### About this exercise
In this exercise, print only the lines from the line with "Komputer MSI Cubi 5 1M Black" to the last line of the data below, inclusive. Any pictures should be left out.

### Data listing

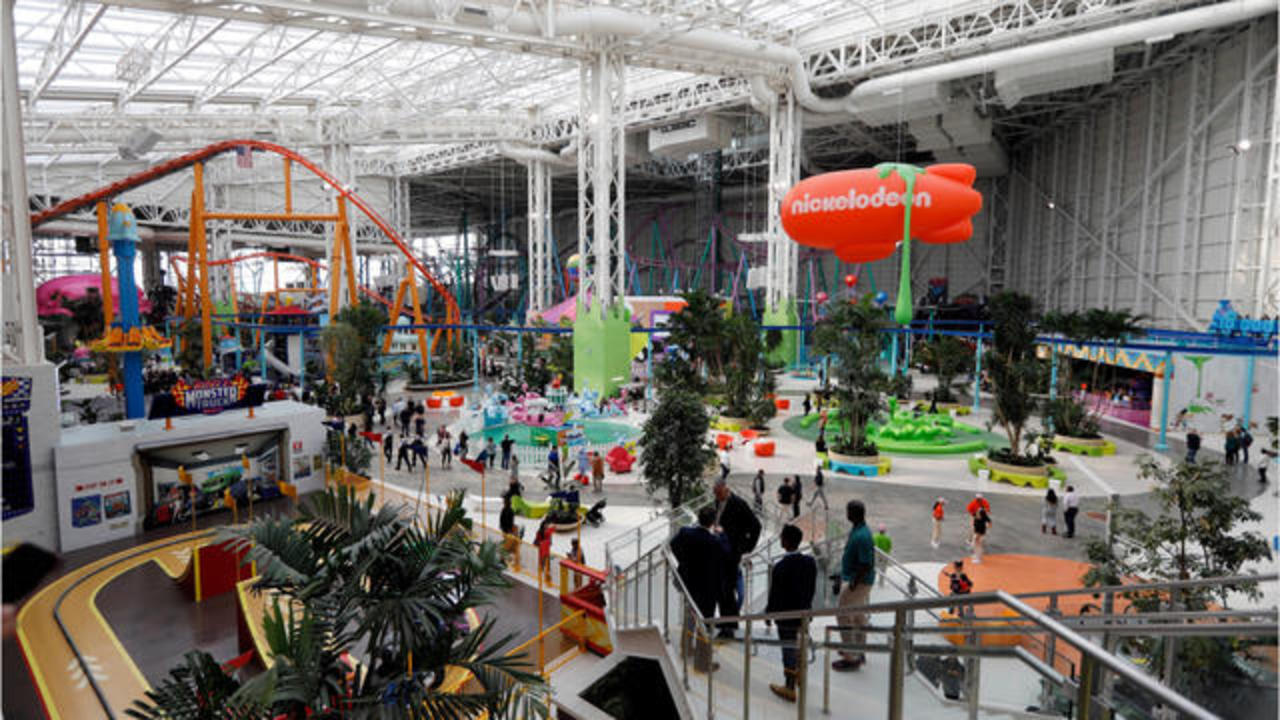 NJ Malls Contend With American Dream's Opening
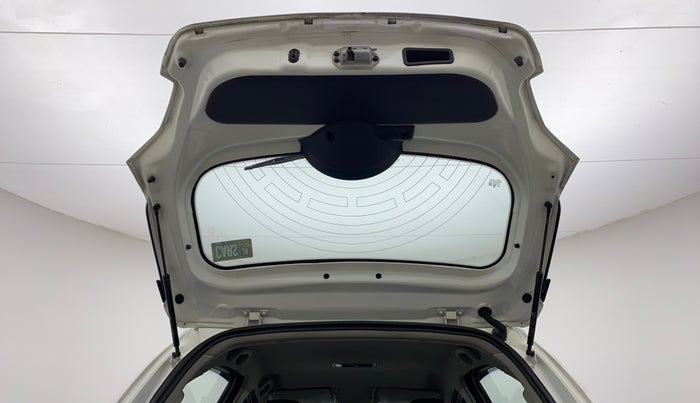 2017 Tata Tiago XZ PETROL, Petrol, Manual, 81,624 km, Boot Door Open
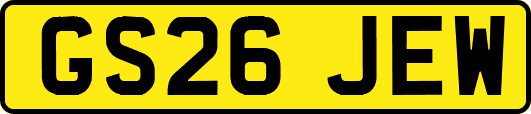 GS26JEW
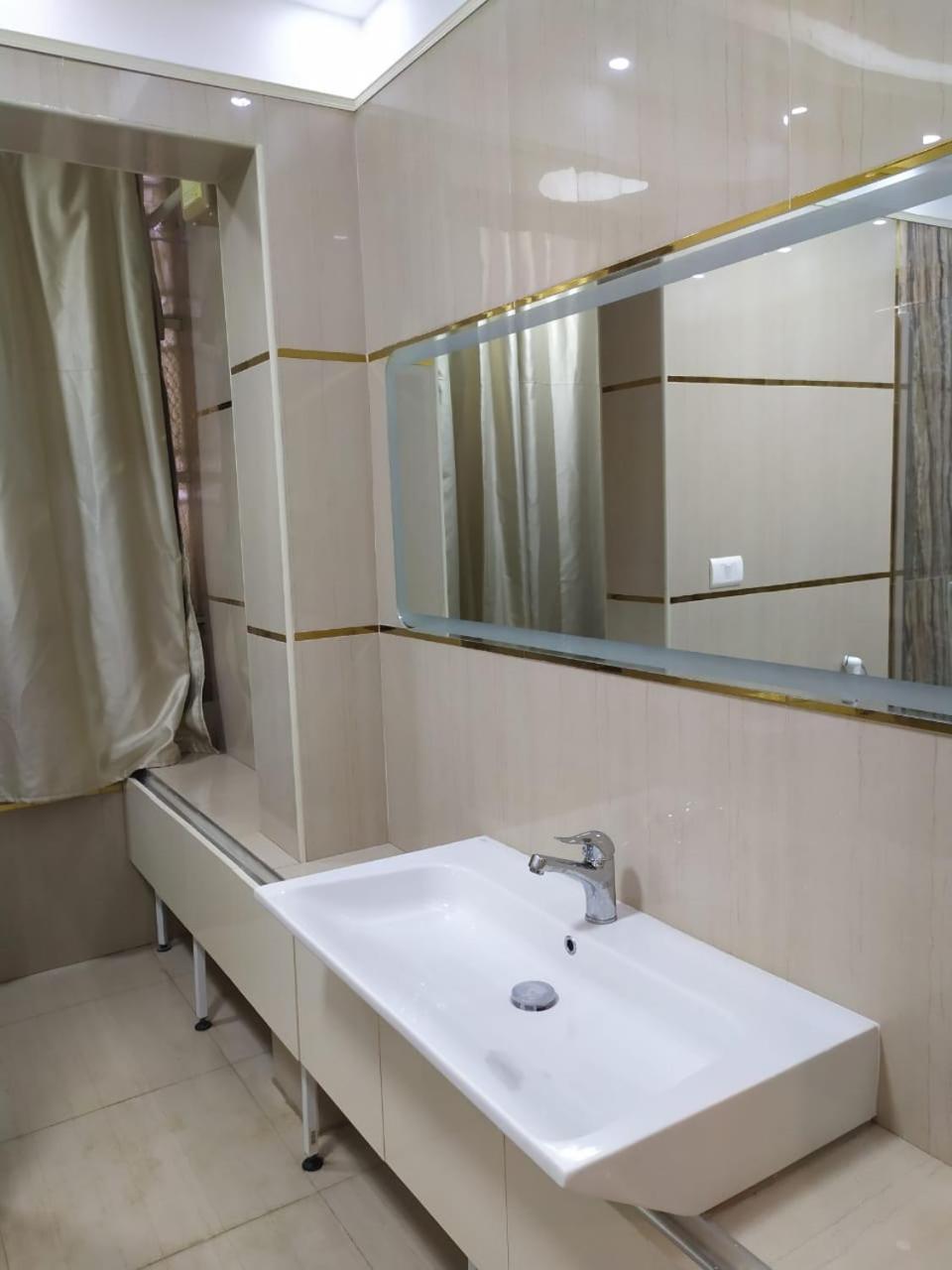 Apartment At Milsa Nasr City Building No 8 カイロ エクステリア 写真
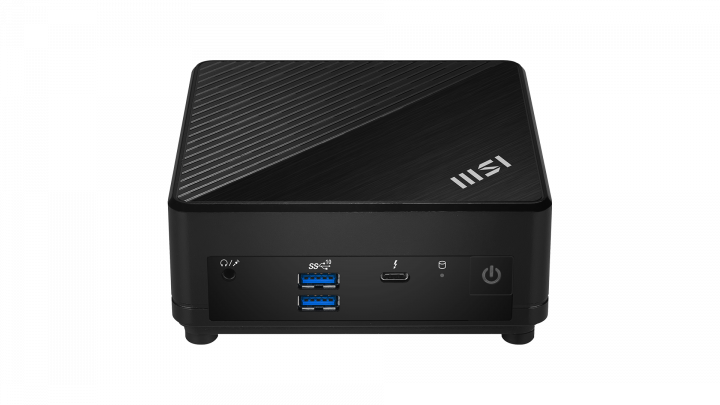 Komputer MSI Cubi 5 1M Black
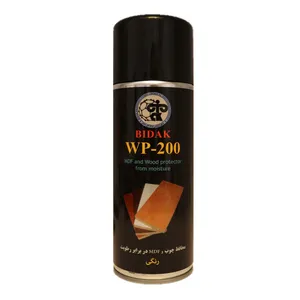 اسپری آبگریز محافظ چوب و MDF بیدک مدل WP-200 حجم 400 میلی لیتر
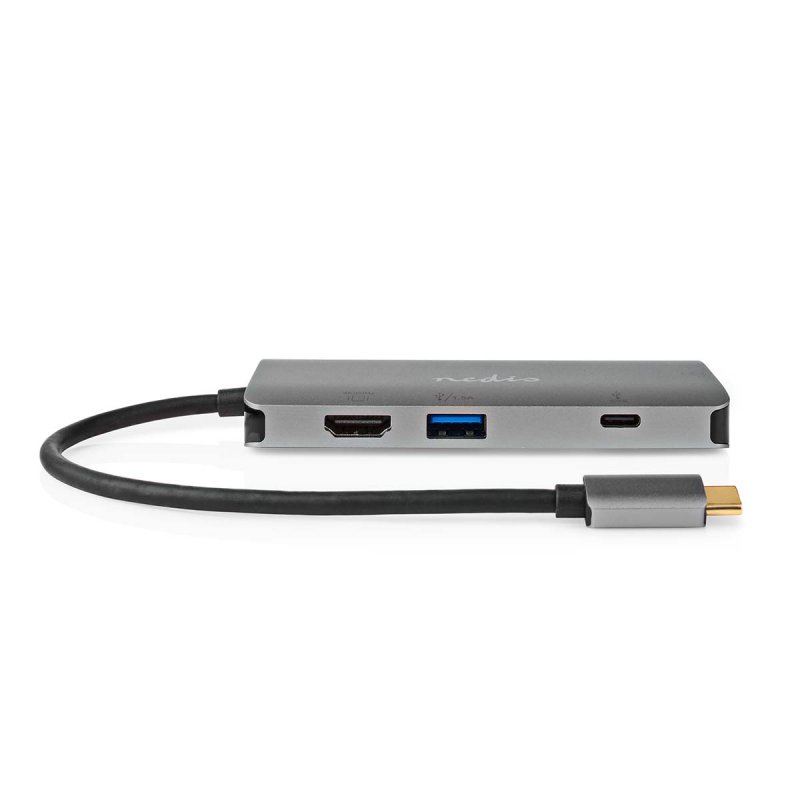 USB Multiport Adaptér | USB 3.2 Gen 1  CCBW64240AT02 - obrázek č. 1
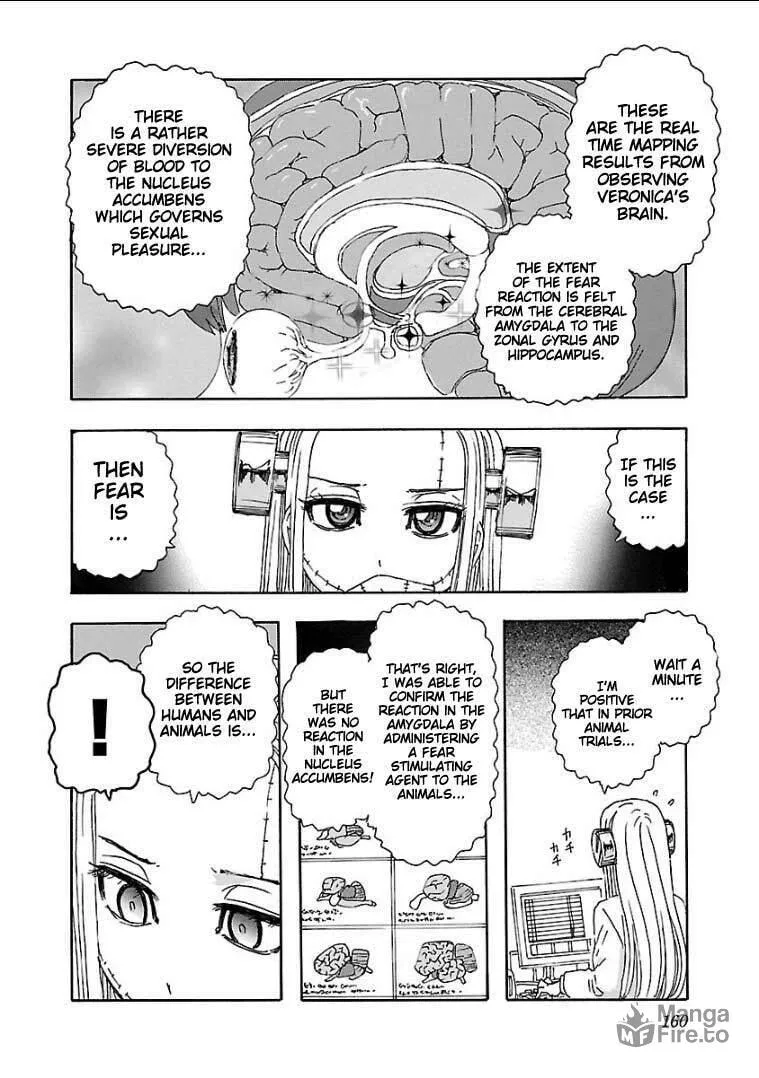 Read Franken Fran Frantic chapter 3.4 image 20 on Lezhin
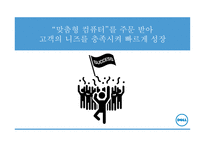델 컴퓨터 기업분석 델 컴퓨터 혁신경영 델 컴퓨터 브랜드마케팅 서비스마케팅 글로벌경영 사례분석 swot stp 4p-8
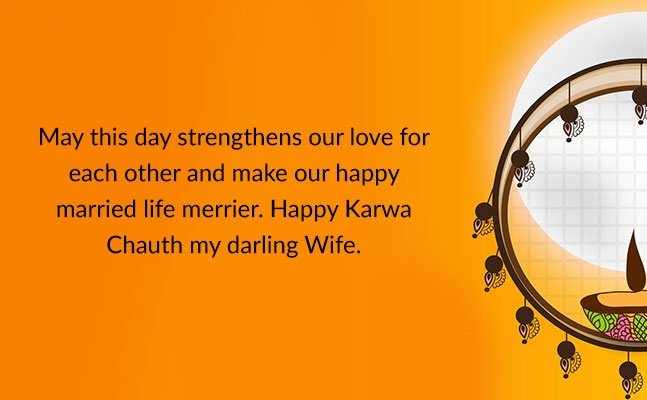 Karwa Chauth 2019 Wishes for Your Loved One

### Exercise answer
 Komputer MSI Cubi 5 1M Black
 اسپری آبگریز محافظ چوب و MDF بیدک مدل WP-200 حجم 400 میلی لیتر
 USB Multiport Adaptér | USB 3.2 Gen 1  CCBW64240AT02 - obrázek č. 1
 Read Franken Fran Frantic chapter 3.4 image 20 on Lezhin
델 컴퓨터 기업분석 델 컴퓨터 혁신경영 델 컴퓨터 브랜드마케팅 서비스마케팅 글로벌경영 사례분석 swot stp 4p-8
 Karwa Chauth 2019 Wishes for Your Loved One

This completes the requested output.